Another option is to use the RandomSource trait to be generic over non-OS random sources. This is the original ACP design. A short excerpt from the OP:

// A trait that can be implemented for all kinds of random sources.
trait RandomSource {
    fn fill_bytes(&mut self, buf: &mut [u8]); 
}
// The OS's cryptographically secure rng.
pub struct DefaultRandomSource;
impl RandomSource for DefaultRandomSource { ... }

This would allow it to be used with the proposed Random API. The nature of that API is somewhat off topic for this issue but it has been brought up that coupling insecure and secure random sources does not provide much benefit but increases the chances of misuse. And even if we did want to do this then having a free function does not mean we can't add the type in the future that expands its use. For example, alloc::alloc::alloc and Vec both exist at the same time.

The fill_bytes function that returns an io::Error looks quite a bit like the Read trait, or at least the Read::read_exact function. So another option would be to have a type that implements Read.

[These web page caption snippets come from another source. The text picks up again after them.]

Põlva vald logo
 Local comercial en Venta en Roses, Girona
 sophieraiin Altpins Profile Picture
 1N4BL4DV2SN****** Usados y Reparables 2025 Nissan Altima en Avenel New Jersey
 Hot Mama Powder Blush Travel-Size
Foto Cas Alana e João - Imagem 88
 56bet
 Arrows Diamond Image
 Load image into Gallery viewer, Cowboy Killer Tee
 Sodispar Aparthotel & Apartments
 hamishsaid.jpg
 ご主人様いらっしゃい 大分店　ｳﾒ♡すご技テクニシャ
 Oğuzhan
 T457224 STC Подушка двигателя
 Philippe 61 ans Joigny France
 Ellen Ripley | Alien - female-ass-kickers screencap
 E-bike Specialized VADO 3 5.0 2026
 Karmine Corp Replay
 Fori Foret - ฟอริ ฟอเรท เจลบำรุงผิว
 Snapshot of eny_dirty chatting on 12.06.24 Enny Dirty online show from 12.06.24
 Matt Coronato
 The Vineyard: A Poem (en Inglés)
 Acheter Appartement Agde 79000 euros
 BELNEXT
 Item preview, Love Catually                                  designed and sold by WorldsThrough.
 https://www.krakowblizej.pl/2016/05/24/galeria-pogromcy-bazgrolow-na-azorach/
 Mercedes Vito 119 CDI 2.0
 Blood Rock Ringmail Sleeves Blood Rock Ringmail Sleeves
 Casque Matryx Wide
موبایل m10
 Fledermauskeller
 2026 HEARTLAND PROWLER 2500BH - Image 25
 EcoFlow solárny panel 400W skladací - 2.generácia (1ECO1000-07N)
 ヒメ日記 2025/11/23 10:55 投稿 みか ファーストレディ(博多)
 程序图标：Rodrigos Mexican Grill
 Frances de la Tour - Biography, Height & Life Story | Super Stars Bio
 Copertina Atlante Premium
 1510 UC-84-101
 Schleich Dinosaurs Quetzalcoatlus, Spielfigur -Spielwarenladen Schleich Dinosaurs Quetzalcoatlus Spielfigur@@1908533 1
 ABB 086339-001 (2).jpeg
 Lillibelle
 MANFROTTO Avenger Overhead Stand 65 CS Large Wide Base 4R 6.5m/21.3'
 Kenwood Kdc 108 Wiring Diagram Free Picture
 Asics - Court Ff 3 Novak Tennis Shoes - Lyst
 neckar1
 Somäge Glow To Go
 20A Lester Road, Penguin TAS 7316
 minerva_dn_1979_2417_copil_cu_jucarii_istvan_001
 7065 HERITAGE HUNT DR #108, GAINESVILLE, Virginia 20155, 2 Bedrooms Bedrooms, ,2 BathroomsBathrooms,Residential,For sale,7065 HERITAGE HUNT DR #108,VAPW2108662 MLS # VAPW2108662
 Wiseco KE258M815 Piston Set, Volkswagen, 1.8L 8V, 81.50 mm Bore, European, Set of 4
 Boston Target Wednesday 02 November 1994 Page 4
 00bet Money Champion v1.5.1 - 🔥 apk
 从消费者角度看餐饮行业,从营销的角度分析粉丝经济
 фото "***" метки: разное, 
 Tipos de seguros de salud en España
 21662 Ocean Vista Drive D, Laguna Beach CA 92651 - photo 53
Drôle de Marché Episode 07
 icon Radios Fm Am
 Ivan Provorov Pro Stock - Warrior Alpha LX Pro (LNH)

// Uses the OS's cryptographically secure rng.
struct DefaultRandomSource;
impl Read for DefaultRandomSource {
    fn read(&mut self, buf: &mut [u8]) -> io::Result<usize> { ... }
    fn read_exact(&mut self, buf: &mut [u8]) -> io::Result<()> {
        self.read(&mut buf).map(|_| ())
    }
}

The upside to this is that it uses a familiar trait. The downside is that the Read trait has very loose requirements (e.g. it can partially fill a buffer, it can be interrupted, etc) whereas it's important for people implementing cryptographic code to be confident that the buffer is always fully filled. That can be solved by reading the docs for DefaultRandomSource (and mostly ignoring the docs for Read) but using the generic Read trait for cryptographically secure random bytes does not seem to add any benefit that's worth the hassle.

ChrisDenton

Member

I would also just add that crates like getrandom and rand will likely always exist. The standard library does not have to fully subsume all ecosystem crates nor provide functions for every possible use case.

And I'd again emphasise that adding a free standing function does not necessarily prevent adding a type + trait later so it doesn't have to be an either/or situation.

newpavlov

Contributor

@ChrisDenton
As the most minimal viable function and as a starting point, I support your first potentially panicking fill_bytes function. As a small amendment, I would relax its docs a bit from "the OS's cryptographically secure rng" to "cryptographically secure non-deterministic rng". In future it may be reasonable for it to use a ThreadRng-like source.

But this function should not be the end point. I strongly believe that we need RNG traits in core and RNG source structs in std, but I guess it's better to move their discussion into a separate issue.

I would also just add that crates like getrandom and rand will likely always exist.

As a getrandom maintainer, I really hope that getrandom will be eventually fully deprecated in favor of a new sysroot crate.

ericlagergren

@ChrisDenton As the most minimal viable function and as a starting point, I support your first potentially panicking fill_bytes function.

I very much agree with this. I think it is a good decision.

As a small amendment, I would relax its docs a bit from "the OS's cryptographically secure rng" to "cryptographically secure non-deterministic rng". In future it may be reasonable for it to use a ThreadRng-like source.

But I also very much disagree with this for the reasons stated in my (and your) previous comments. If Rust ever needs an in-process CSPRNG then it should have a separate API that informs the user about the risks, e.g., fork safety, swap safety, reseeding, etc.